Today, I am in-house at an engineering firm. I don’t think I will surprise any of you when I say that engineers tend to be risk-adverse. As a consultant you live in a “start-up” world where budgets tend to be heavy in R&D because the “big one” is always right around the corner. At an established engineering firm, you are locked into market rates for services and don’t have a lot of opportunities to upcharge for a creative solution. Growth requires a high percentage of hours to be billable, which means entire departments of CPAs and a relentless focus on staff productivity through billable hours. The result is that you get stuck in “reaction” mode.

I don’t want to do that. But I no longer have my big R&D budget. So, what’s a guy to do?

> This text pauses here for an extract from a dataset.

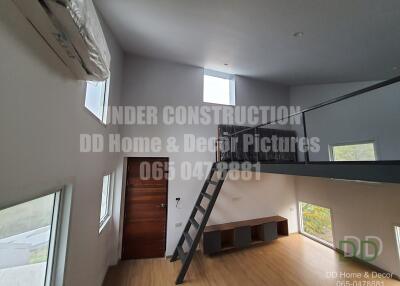 Spacious under construction living area with high ceiling and mezzanine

Well, I can’t do it all, that’s for sure. The reality of my current situation means that I will have to place time restrictions on myself. In the past, I’ve done this by choosing certain technologies to follow while others have had to fall off of my radar. However, that approach burned me last year. I wrote off using UAVs in production and focused elsewhere—until external forces made my error obvious. This forced me to double up on R&D in that area to make up the lost ground. I’d like to avoid that as well this year.

After staring at those two words for some time this past weekend, it suddenly hit me that “creative” and “reactive” are both made of the same letters. The only difference is where you see the “c.” If you see it first, it’s creative. If you see “re” first, it’s not. It’s an important distinction given the meaning of the prefix “re-”. While the primary meaning of the prefix is “again,” the secondary meaning is “back” or “backward.” The more I look at it, the more I’m struck by the idea that when you fail to create, you are forced to react, or to go back and see what you missed “c-ing.” [Editor: grooooan. =)]

So, this year, I am resolved to spend more time seeing, and a bit less doing in the R&D department. Hopefully this will allow me to be able to react more quickly, as I won’t acquire the immense overhead of time formulating production procedures for technologies we may never use.

I think that the acquisition of information is probably the least costly bit of the entire R&D process, since it’s mostly just reading and a bit of conference attendance. My goal is 10 hours a week, combined, on R&D this year. Admittedly, some of this will have to be outside of work hours i.e. on my own time. Good thing I enjoy the things I work with!

Is this the golden mean I am hoping for? I don’t know. And I probably won’t know until this time next year. However, I know the extremes of simply waiting to react, or trying to create a new market from scratch, are paths I do not want to take. How are you guys charting that path this year?